MARSHALL - Kevin Terrell, an Independence Party candidate for U.S. senator, visited Marshall Friday afternoon to talk with local residents about issues.
Terrell and his wife, Thuy Nguyen, also spoke with a handful of professors at Southwest Minnesota State University before visiting the traveling Vietnam Memorial Wall at Independence Park.
Terrell, a political science major with an MBA from the University of Minnesota's Carlson school of Management, grew up in Lincoln, Neb. and lived in Minneapolis for a year as a child. He formerly sat on the Minneapolis Neighborhood Board, representing Lynnhurst (roughly 6,000 people) for more than three years. He also worked to organize a group advocating against proposed flight path changes over southwest Minneapolis.
"Most recently I spent a year-and-a-half fighting the federal government, fighting the Federal Aviation Administration, and everywhere I went when we talked about this airport issue... people would raise their hands and say 'It's the federal government, we can't do anything about it,'" Terrell said. "And I looked at people and said 'You know what?
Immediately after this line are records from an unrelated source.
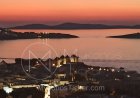 Tourism Pivot 2026: Δομική στροφή στον ελληνικό τουρισμό! Last-minute κρατήσεις, επιμήκυνση σεζόν έως το φθινόπωρο, με την Μύκονο να συνεχίζει να διατηρεί υψηλά επίπεδα ζήτησης [Square Lime]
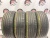 Triangle Sportex TSH11  R18 225/55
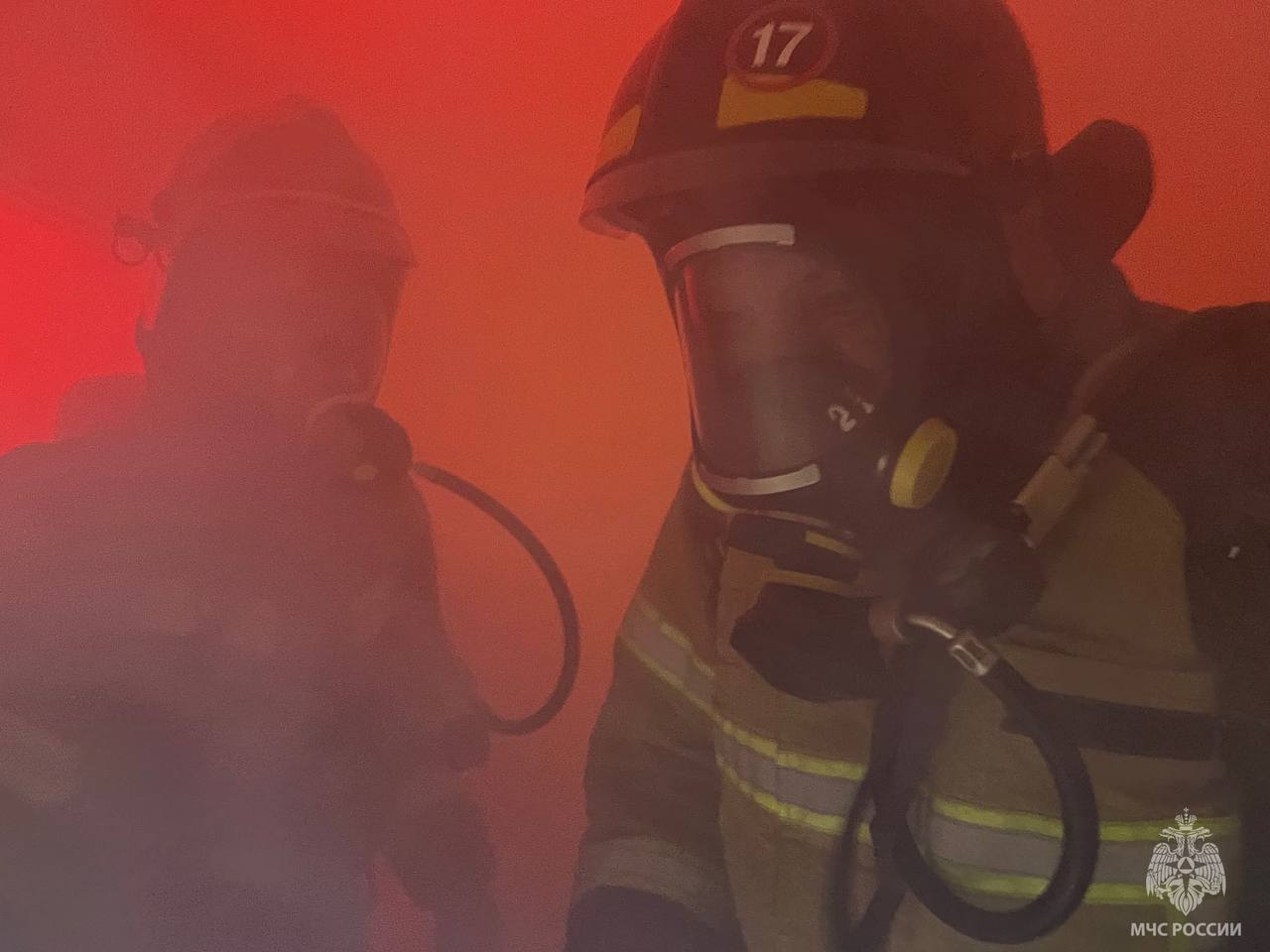 В Пионерске на территории дома-интернета для престарелых и инвалидов «Сосновая усадьба» прошли пожарно-тактические учения В Пионерске на территории дома-интернета для престарелых и инвалидов «Сосновая усадьба» прошли пожарно-тактические учения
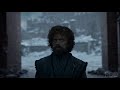 Game of Thrones Season 8 Episode 6 Preview HBO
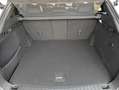 Mazda CX-60 3.3 D254 8AT AWD HOMURA PLUS Blanco - thumbnail 30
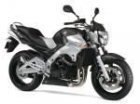 vendo suzuki gsr 600 o cambio por cross - mejor precio | unprecio.es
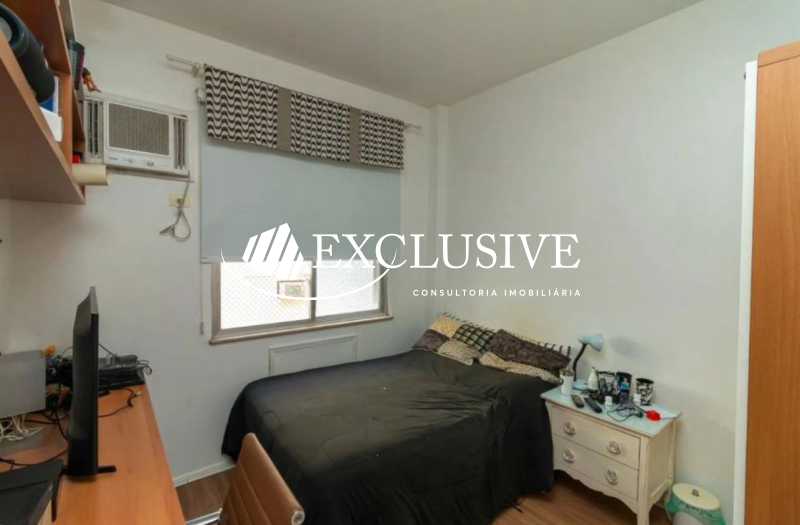 Conheça WhatsApp Image 2025-07-04 at 1 do imóvel - Apartamento à venda Rua Prudente de Morais, Ipanema, Rio de Janeiro - R$ 2.950.000 - SLI31628 - 22 WhatsApp Image 2025-07-04 at 1 - 22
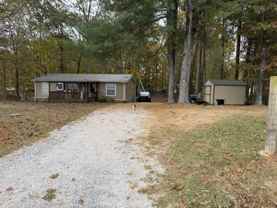 2886 Possum Trot Rd #B - Photo 1 of 1
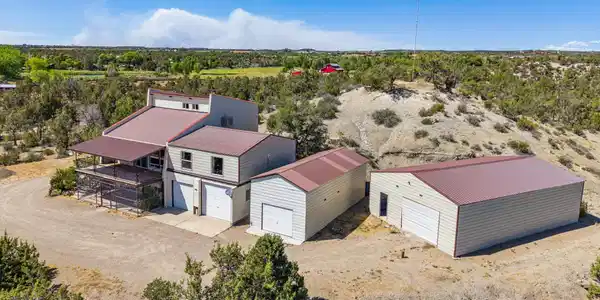 27298 Road P.7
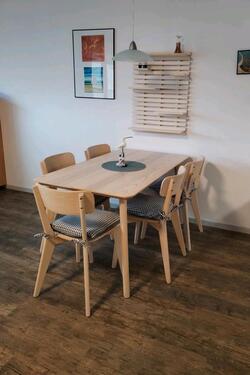 Foto - andere in Lingen (Ems) zur Miete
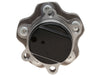 Wheel Bearing and Hub Assembly Raybestos Brakes 712398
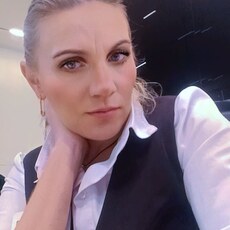 Фотография девушки Олечка, 40 лет из г. Борисов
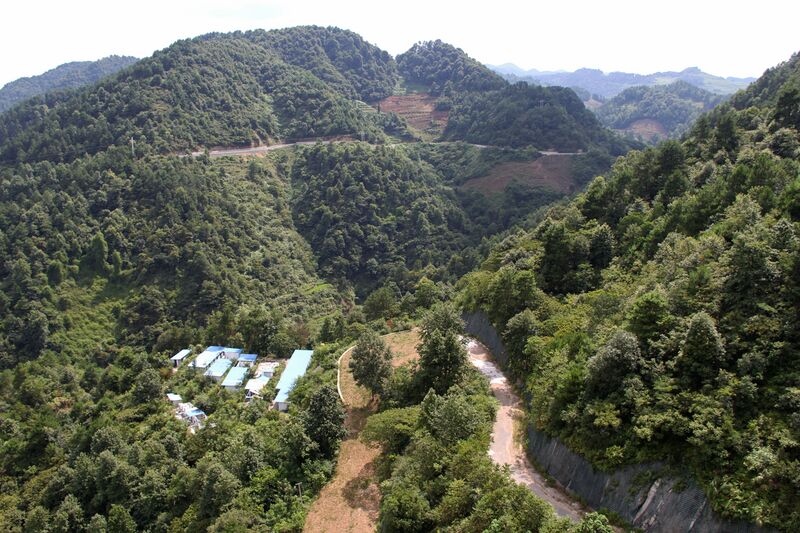 File:WenquanValley3.JPG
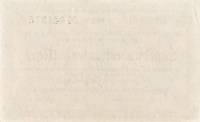 (№1923) Банкнота Германия 1923 год "500,000 Mark"
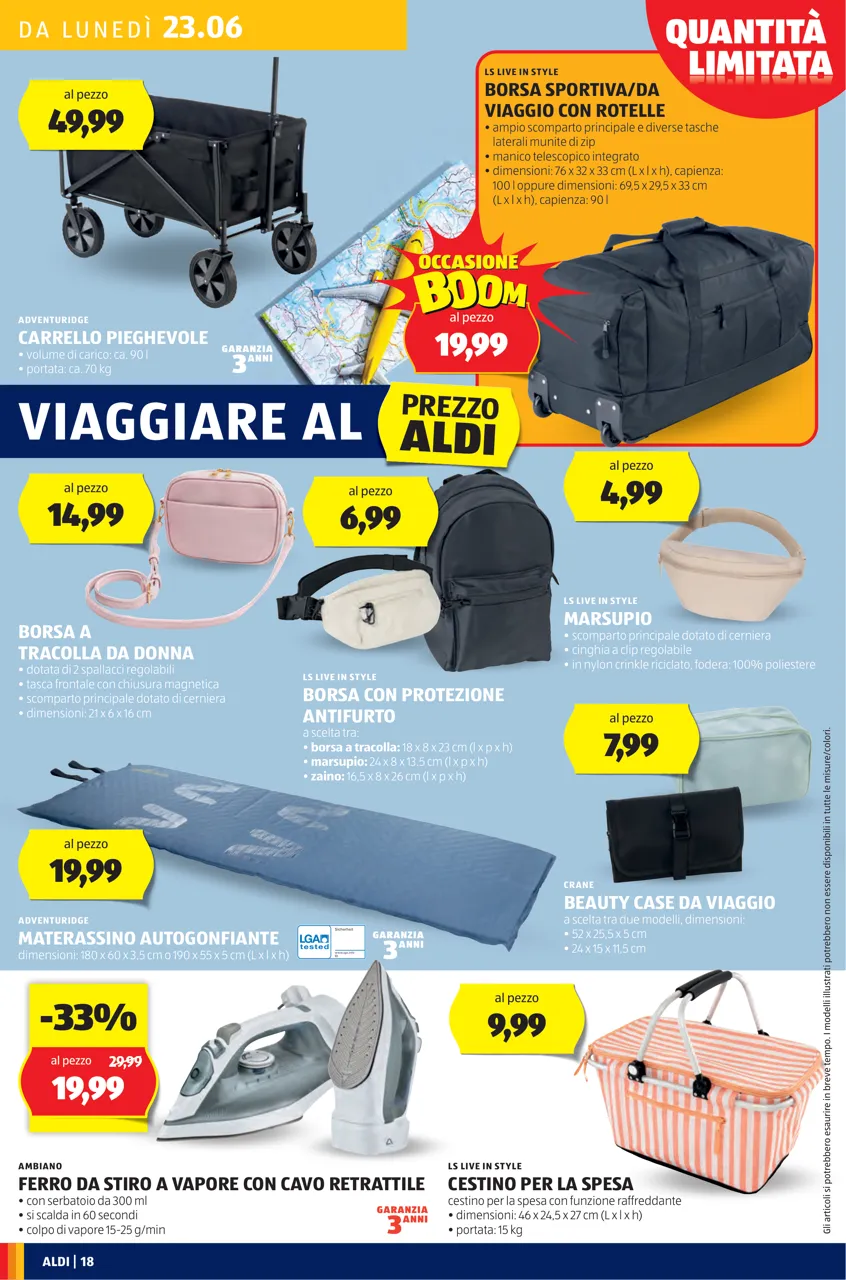 Pagina 18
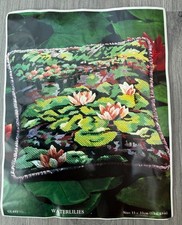 Vintage Glorafilia - Tapestry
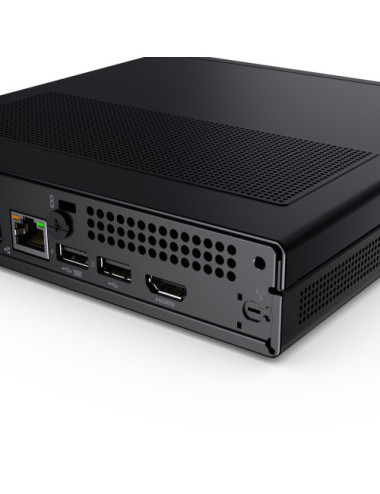 Computer Lenovo ThinkCentre...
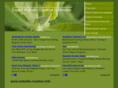 website-creation.info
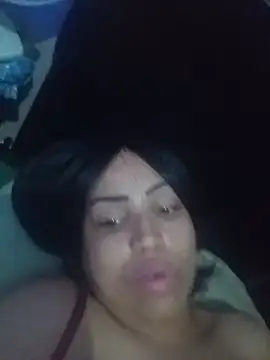 sereiaametista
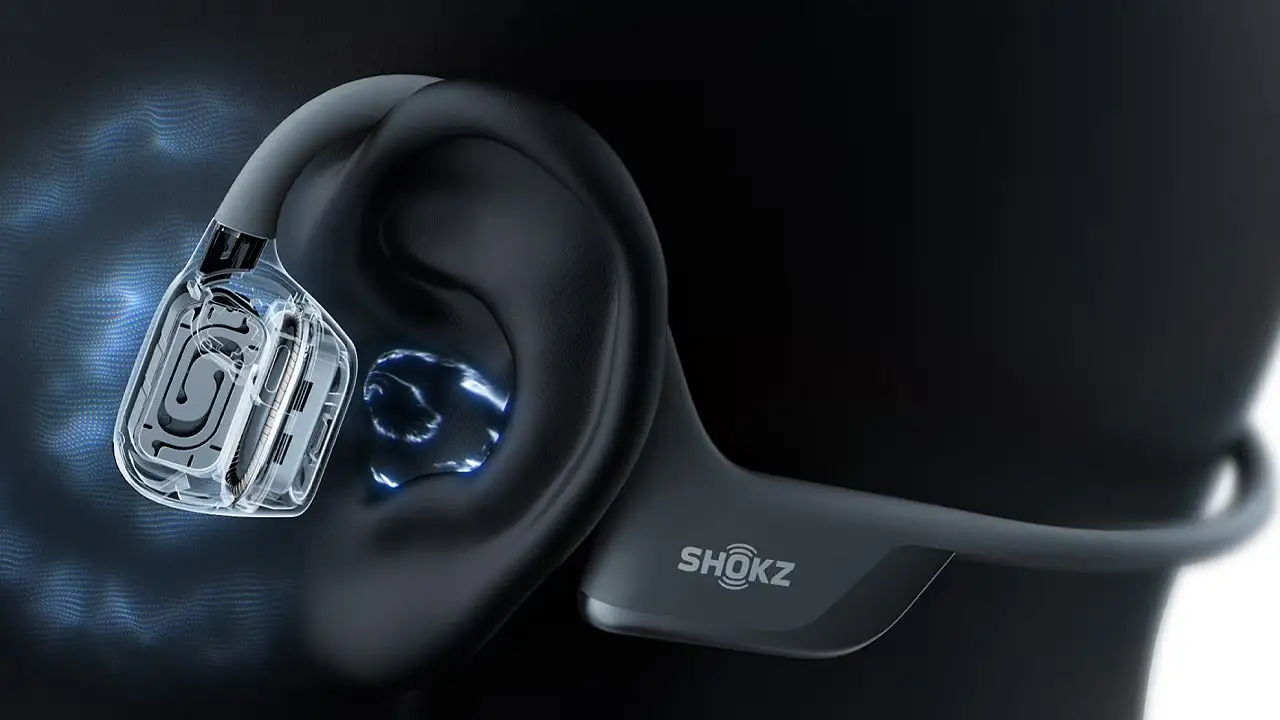 女友遭逼堕,胎后速订婚,网友揭秘两,欧博娱乐官网,欧博娱乐官网,欧博娱乐官网在线娱乐平台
It's your government, if you don't like it, change it.'"
The changes included a flight path that went right through the middle of southwest Minneapolis and hosting 135 flights a day.
"We fought that tooth and nail," Terrell said. "And at the end of it, they (the FAA) said 'We're not going to try to implement this here.' At the end of the day we won. We are the only city in the United States that stopped the FAA from doing what they wanted to do."
"Government in America is of the people, by the people, for the people," Terrell said. "And it seems like there is an awful lot of government happening to the people right now. I don't like it, so we're going to change it."
Terrell said that he doesn't necessarily want to have less government, but he said he wants a "better government." He wants to show accountability for government spending.
"It's not a question of spending more or less money," Terrell said, "it's a question of spending money better, to actually get results."
With his business experience, Terrell believes that he can bring a marketing mind to government and some real-world economic experience.
"Understanding what the market needs, how to listen to that and improve operations into a more effective output," Terrell said. "There is none of that in government today."
"I think I have the most hands-on experience in the most sectors of the economy than anyone in the race," Terrell added. "(U.S. Sen Al) Franken doesn't have any experience in the real economy, (Mike) McFadden is an investment banker. I've been in healthcare, manufacturing housing corporate finance. I understand those businesses on a nitty-gritty level, translating customer needs into real products for real people, in a way that these guys have not done. I think we could use a little common sense, understanding how to get things done in the real world."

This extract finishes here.